Adding to this grievance was the fact that Allen showed no compunction about expanding the investigation beyond the four corners of the formal complaints against Cook, assuming evidence led investigators in that direction. This meant that the final investigative report against Cook contained frequent allusions to his drinking and comportment with Capitol denizens other than Knorr.

There’s no reason why this probe can’t lead to the creation of a subcommittee to put guardrails on the committee moving forward, Chenal Horne said.

“They’re not Hitler. It’s not a totalitarian Legislature where they can do whatever they want,” she added.

House Speaker Rusty Bowers was intentional about not involving himself in the investigation, granting Allen broad discretion to lead the probe as he pleased.

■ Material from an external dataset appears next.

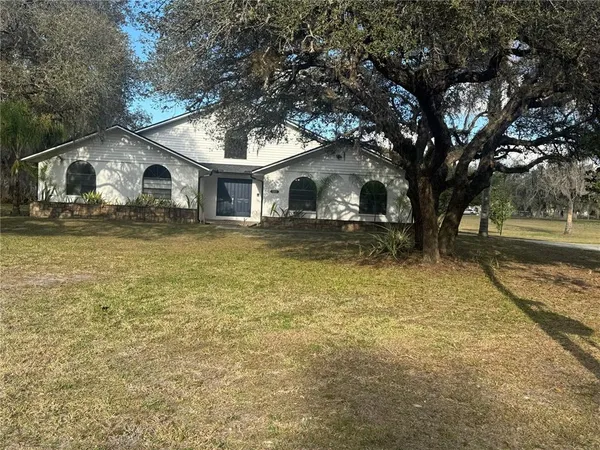 $3,150 | 8320 Sanden Drive, Wesley Chapel, FL 33545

It’s under this discretion that Allen decided not to pursue action against Cook, despite writing him a scathing letter in which he all-but conceded that the allegation is true.

Kirsten Engel
Kirsten Engel

This was an issue for the Ethics Committee’s two Democrats, Reps. Kirsten Engel and Domingo Degrazia, both attorneys from Tucson.

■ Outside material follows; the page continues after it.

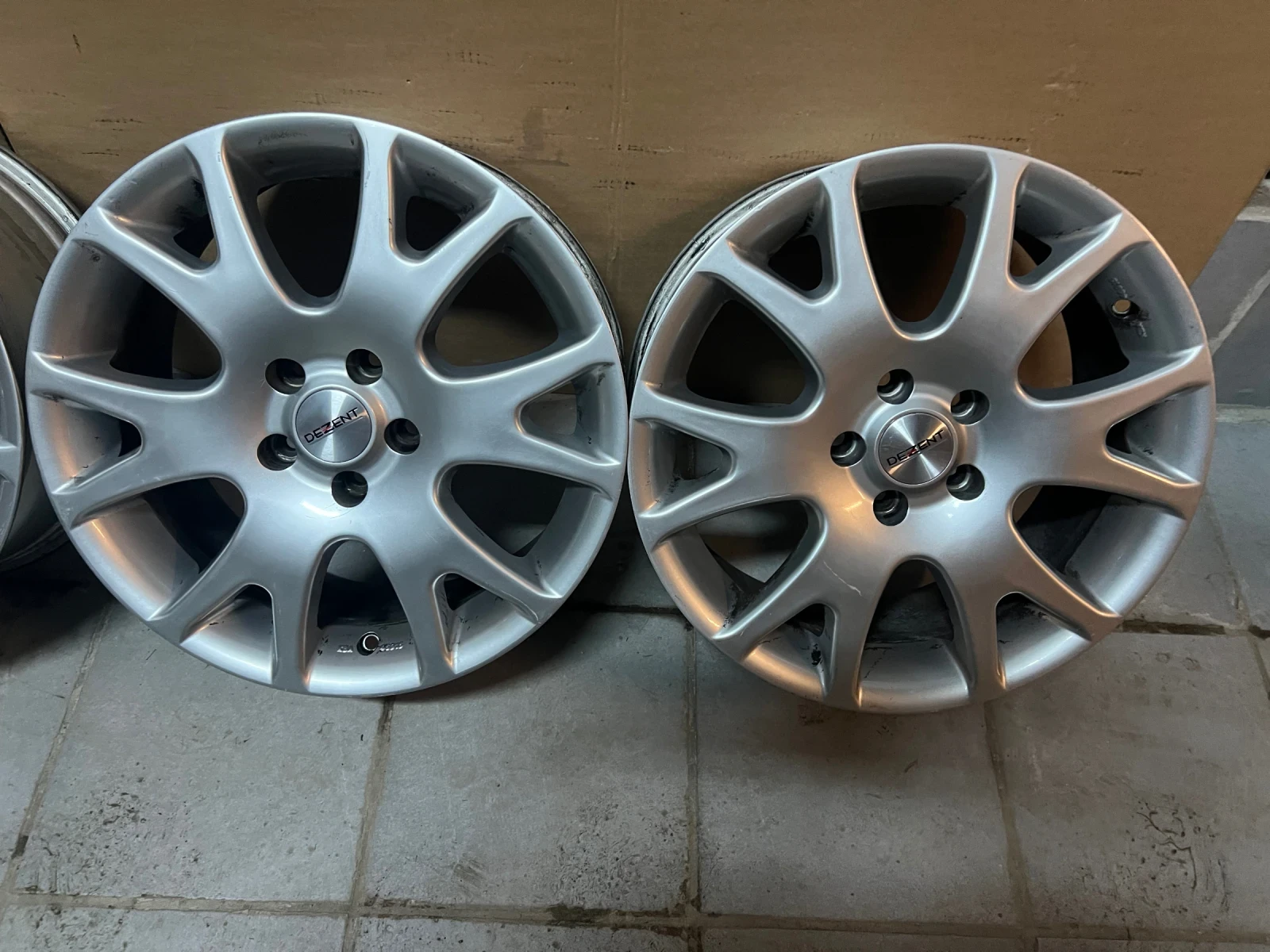 ������ | Mobile.bg � ����������� 2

“We left that hearing in June with the expectation that the next step would be the committee coming back together, deciding whether or not … to provide an evidentiary hearing,” Engel said. “That was the bare minimum of what we were expecting to be the next step.”

Yet, despite Allen’s report, which among other things pointed to Cook’s possibly illegal failure to comply with a legislative subpoena, the probe will not move forward.

“I did what any chairman would do; evaluate the facts that are in front of me and decide if we will hear it in the whole committee,” Allen said.

Engel said the disparity between evidence and conclusion demonstrates that “we need some actual standards to govern our ethics investigations,” not to mention the creation of a formal code of conduct, something that the House Democrats lobbied for. She said that even so, the lack of a code that specifically interdicts romantic relationships between lobbyists and lawmakers is no excuse for the investigation to fizzle out, nor is the lack of a session in which lawmakers could vote on the committee’s recommendation.

“This investigation could and should have gone forward even with what bare bones standards and processes we have in place,” Engel said.

Allen’s decision came as no surprise to Rep. T.J. Shope, who chaired the House Ethics Committee during its investigations into former Rep. David Stringer, who resigned, and Rep. Don Shooter, who the chamber expelled after multiple women came forward with allegations of sexual harassment.

“I didn’t know that any of that [Cook] stuff rose to the level of expulsion,” Shope said.

Moreover, he said, pursuing expulsion could be a foolhardy venture without a guaranteed, bipartisan 40-vote coalition willing to pull the trigger. The upcoming August primary, in which voters could very well decide to support Cook, makes that calculus even trickier, Shope said.

Still, he added, there are lessons to take from this process – for example, the issue of the committee’s subpoena power. In his letter last week, Allen says clearly that Cook failed to comply with a legislative subpoena as required by state law. Allen chose not to pursue the alleged infraction.

“Whether this conduct alone amounts to disorderly conduct is, at best, a close call,” he wrote. “And close calls probably do not merit punishment by the committee or the House.”

Shope said Allen’s disinterest in pursuing this charge leaves an open question: How much power do those legislative subpoenas actually have. Are they legally binding or simply political tools?

Shope was willing to take Stringer to court when he declined to comply with a subpoena, but ultimately the court never got to decide the degree to which the subjects of ethics complaints must comply with legislative subpoenas.

If the Legislature can’t flesh out the legal and constitutional ramifications of its rules, a string of these debacles could ensue. Eventually, Shope warned, those under investigation from the committee could decide altogether that they have no obligation to comply.

“At some point, we have to determine whether or not that subpoena is absolute,” Shope said. “I believe it is. That’s why I was prepared to go to court.”